As consequências da tempestade que se abateu sobre a Neo Química Arena no último domingo (12) começaram a se materializar nesta sexta-feira (17), quando o Superior Tribunal de Justiça Desportiva determinou punições que transformaram uma tarde de futebol em pesadelo financeiro e esportivo para o Corinthians. O dérbi contra o Palmeiras, que terminou no placar sem gols, deixou marcas profundas que se estendem muito além dos 90 minutos regulamentares.
Calendário comprometido com desfalques importantes
O primeiro e mais imediato impacto recai sobre o planejamento tático de Ramón Díaz para os próximos compromissos. André, suspenso por um jogo após gesto obsceno que lhe custou expulsão, desfalca o meio-campo corintiano na partida contra o Vitória, marcada para esta sexta-feira (18), às 20h, no Barradão. O volante, peça fundamental no esquema do técnico argentino, havia disputado 28 das 33 rodadas do Brasileirão até aqui.

Mais grave ainda é a situação de Matheuzinho, punido com quatro jogos de suspensão por agressão física. O lateral-direito, titular absoluto da posição, ficará de fora dos confrontos contra Vitória, Barra-SC (Copa do Brasil), Vasco e ainda um quarto jogo a ser definido. Com 31 partidas disputadas na temporada, sua ausência obriga o clube a improvisar na lateral direita justamente no momento mais decisivo do campeonato.
Hugo Souza, por sua vez, cumpre suspensão de dois jogos por ofensas à arbitragem proferidas em entrevista após a partida. O goleiro, que vinha sendo o titular inquestionável desde sua chegada, perde os duelos contra Vitória e Barra-SC, abrindo espaço para Matheus Donelli assumir a meta corintiana em momento crucial da luta contra o rebaixamento.
Prejuízo financeiro ultrapassa as multas aplicadas
Além dos R$ 110 mil em multas diretas - sendo R$ 80 mil pela injúria racial, R$ 20 mil pela confusão no túnel e R$ 10 mil pelo uso não autorizado de drone -, o Corinthians enfrentará perdas ainda maiores com a perda de um mando de campo no Campeonato Brasileiro. Segundo levantamento do SportNavo, considerando a média de 40 mil torcedores pagantes em jogos decisivos na Neo Química Arena, com ticket médio de R$ 45, a perda de receita de bilheteria pode superar R$ 1,8 milhão.
Some-se a isso os custos operacionais de jogar fora de casa quando deveria atuar em São Paulo, incluindo transporte, hospedagem e logística para comissão técnica e delegação, estimados em cerca de R$ 150 mil por partida. O clube também perde parcela significativa da receita de merchandising e alimentação que tradicionalmente acompanha os grandes jogos em Itaquera.
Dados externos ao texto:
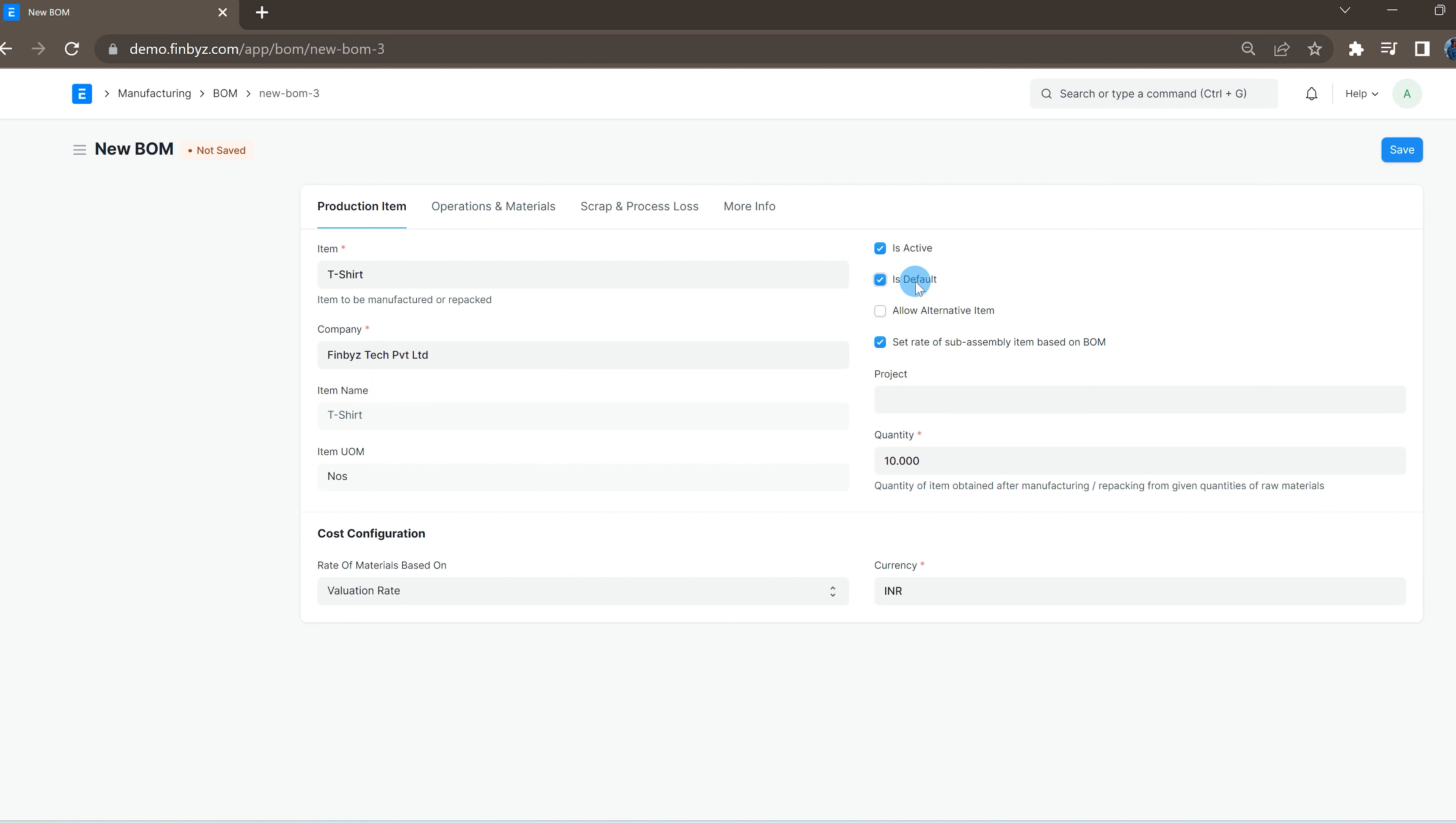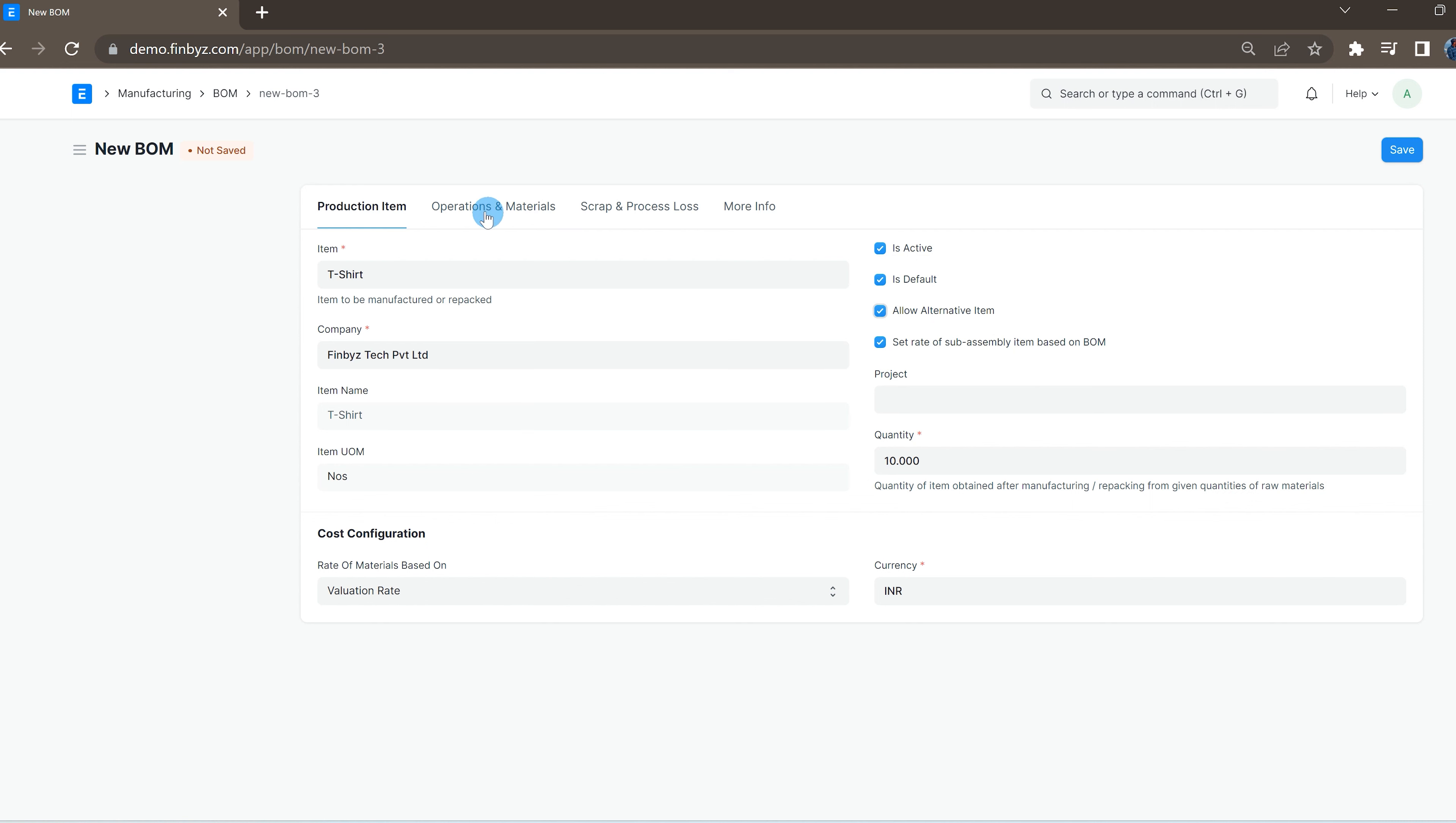If you wish to allow users to use alternative items of raw materials at time of production, you can check the allow alternative item checkbox.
A punição por injúria racial, motivada por ofensas dirigidas ao goleiro palmeirense Carlos Miguel, representa o aspecto mais grave do episódio. O valor de R$ 80 mil, embora seja a pena mínima prevista no artigo 243-G do Código Brasileiro de Justiça Desportiva, carrega peso simbólico que transcende o aspecto financeiro e mancha a imagem institucional do clube.
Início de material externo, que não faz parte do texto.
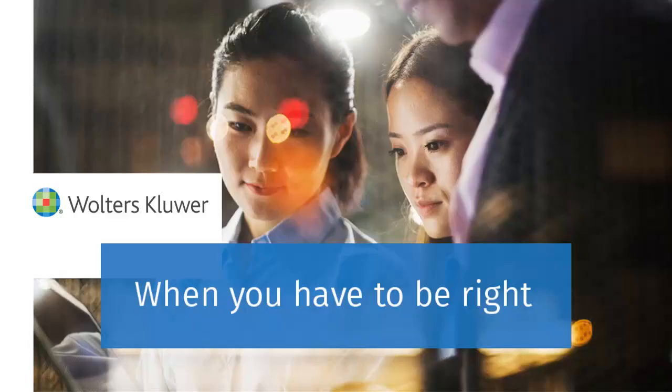Thank you for watching the video to learn about Help Topics and how to use them in CCH Pro System FX Tax.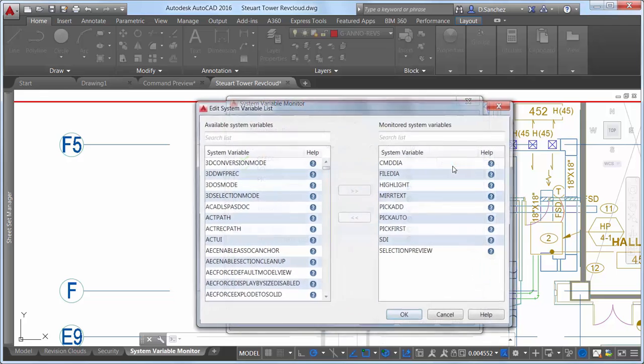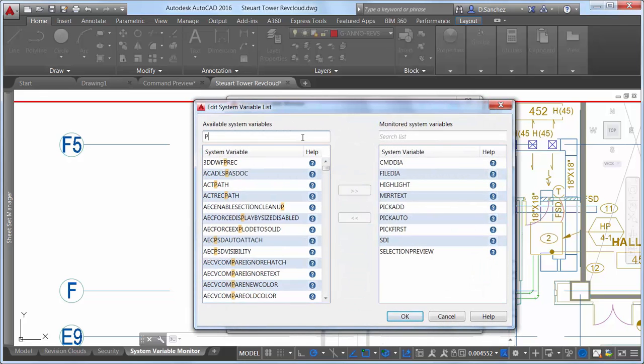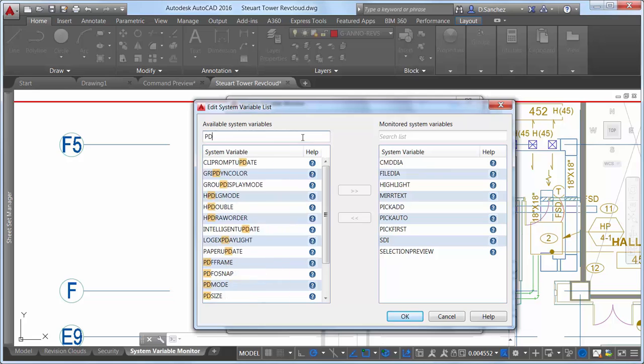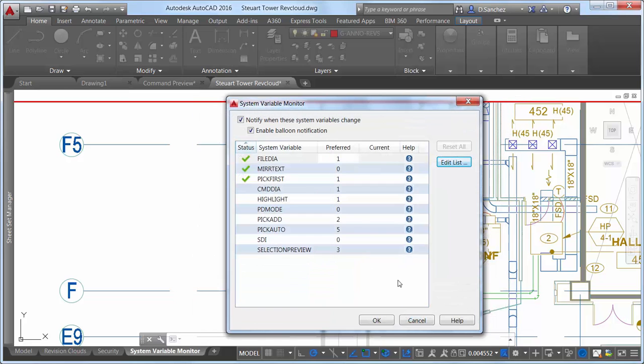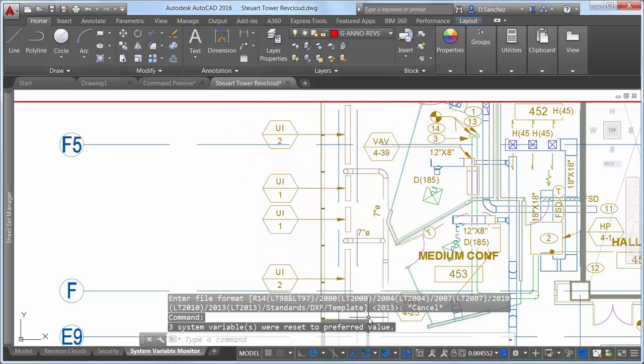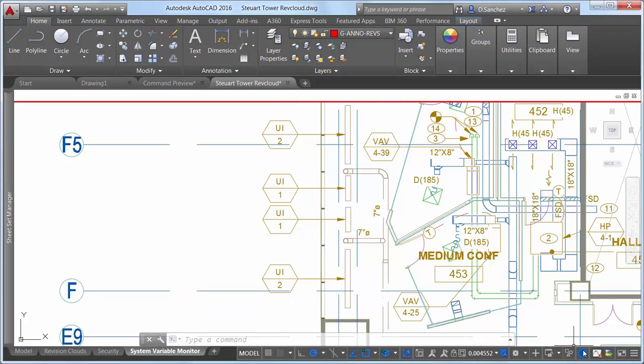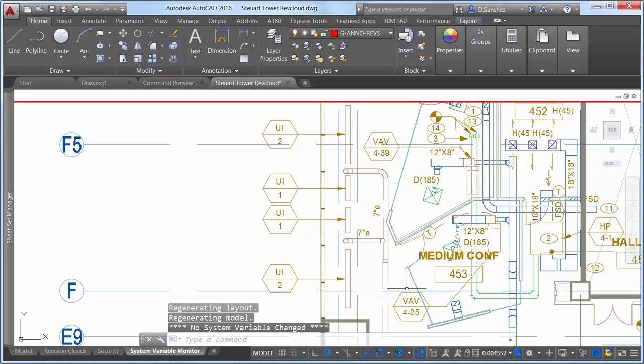You can edit the list of variables to meet your needs. For example, maybe the drawings you work on typically require point objects to be displayed as X's instead of dots. You can add the PDMode system variable to the list and set its preferred value to 3. The system variable monitor immediately lets you know that the current setting does not match your preferred value. You can, of course, reset it in the system variable monitor or enter PDMode at the command prompt and set it manually. As soon as it conforms, the system variable monitor is satisfied once again.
Timing crítico amplifica consequências das punições
O momento não poderia ser mais delicado para o Timão. Ocupando a 15ª posição com 44 pontos, apenas três acima da zona de rebaixamento, cada partida restante assume caráter decisivo na permanência na primeira divisão. A ausência de peças-chave como André e Matheuzinho em jogos diretos pela manutenção na elite do futebol brasileiro pode determinar o futuro imediato do clube.
Historicamente, episódios similares já custaram caro ao Corinthians. Em 2008, punições do STJD contribuíram para complicações que quase levaram o clube ao rebaixamento. Agora, com o campeonato chegando ao fim e margem de erro praticamente inexistente, cada ponto perdido pode ter valor incalculável.
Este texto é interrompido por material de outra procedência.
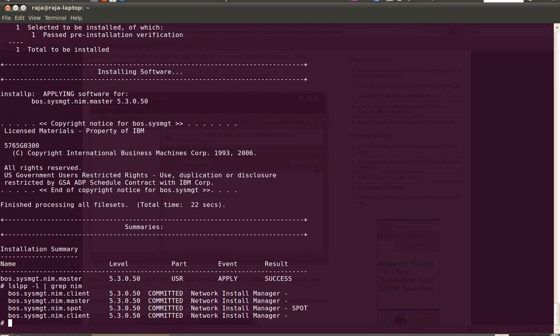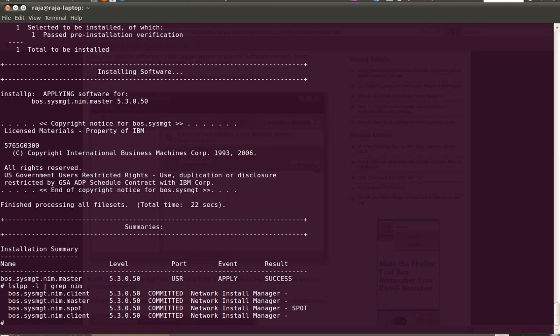Okay, now we have installed NIM.master and NIM.spot file sets. Next we are going to see how to configure this machine as a NIMS server.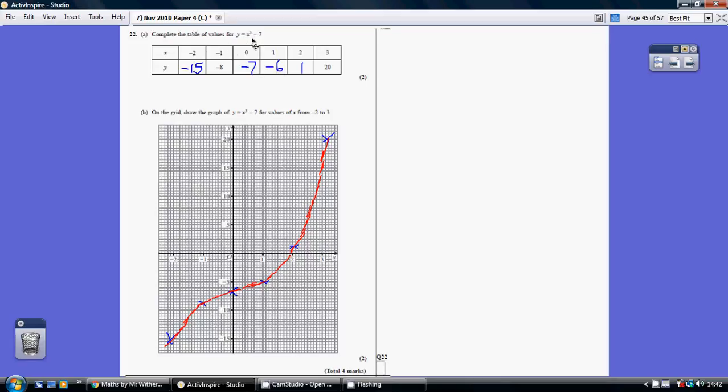And minus 2 cubed. So be careful. Just protect the minus. Put the minus 2 in a bracket before you cube it. Then take away the 7 and you get minus 15. So carefully plot these points and you get this shape here.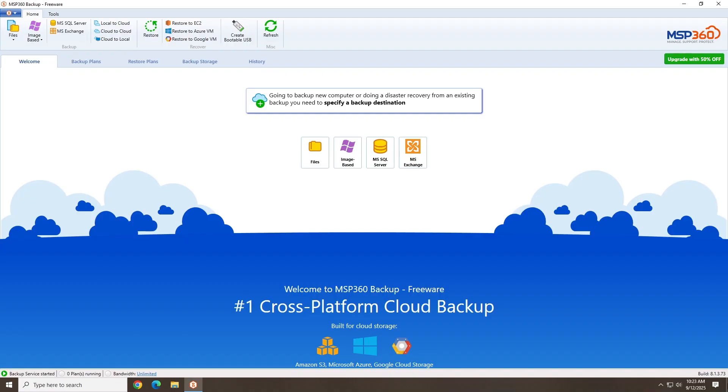So, is MSP360 free backup software worth a look? It absolutely is. So if you're looking for a no-frills, free solution to keep your files safe, give this tool a whirl, grab it today, try it out for yourself, and enjoy peace of mind knowing your data is protected. Again, we've dropped a download link in the video notes. I hope you enjoyed this video covering MSP360's free backup software.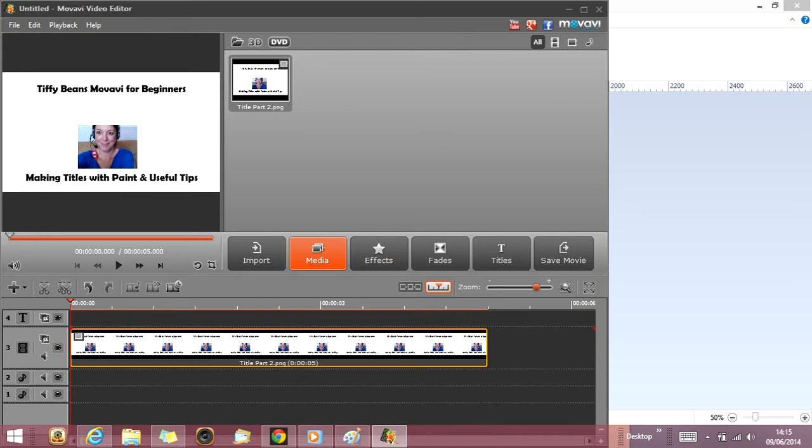That's making posters for your Movavi videos to the right size using the simple app paint. That's already come standard with Windows 7 and Windows 8. Thank you very much.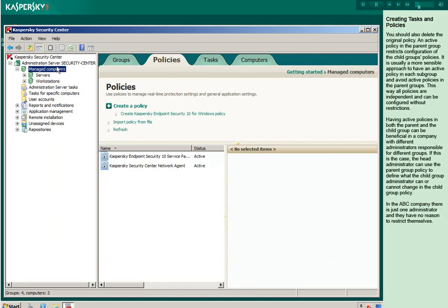You should also delete the original policy. An active policy in the parent group restricts configuration of the child group's policies. It is usually a more sensible approach to have an active policy in each subgroup and avoid active policies in the parent groups. This way, all policies are independent and can be configured without restrictions.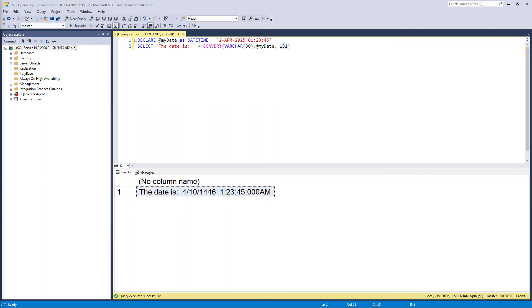Now you can also use it for when converting into float and real money and small money and XML and binary, but I've never actually used any of those in real life. It is converting into a string from a date time that I've used it. So that is the convert function.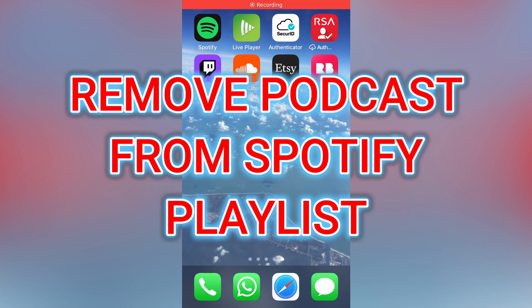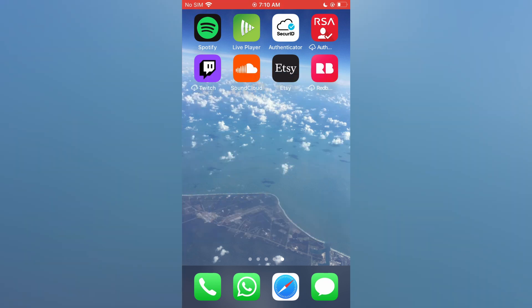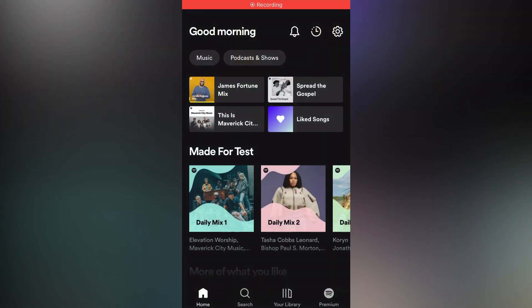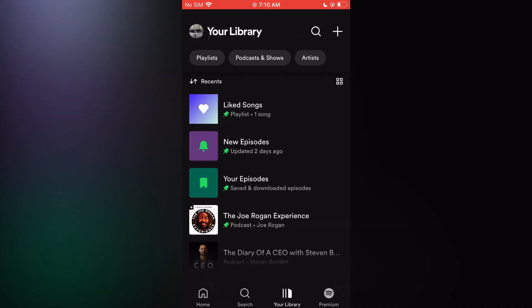In this video I will be showing you how to remove podcasts from Spotify playlists. The first thing you need to do is open Spotify, then tap on your library in the bottom right hand corner. Once you have done that, at the top you are going to see the option podcasts and shows.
O departamento jurídico alvinegro estuda recursos para tentar amenizar as penas, especialmente a suspensão de quatro jogos de Matheuzinho, considerada desproporcional pela diretoria. Contudo, o prazo para apresentação de defesa é exíguo, e a tradição do STJD em manter decisões em instância superior oferece poucas esperanças de reversão.
O Corinthians volta a campo nesta sexta-feira contra o Vitória, no Barradão, já sentindo os primeiros efeitos das punições. Com 44 pontos conquistados em 33 rodadas, o time de Ramón Díaz precisa somar pelo menos mais quatro pontos nas cinco partidas restantes para garantir matematicamente a permanência na Série A de 2025.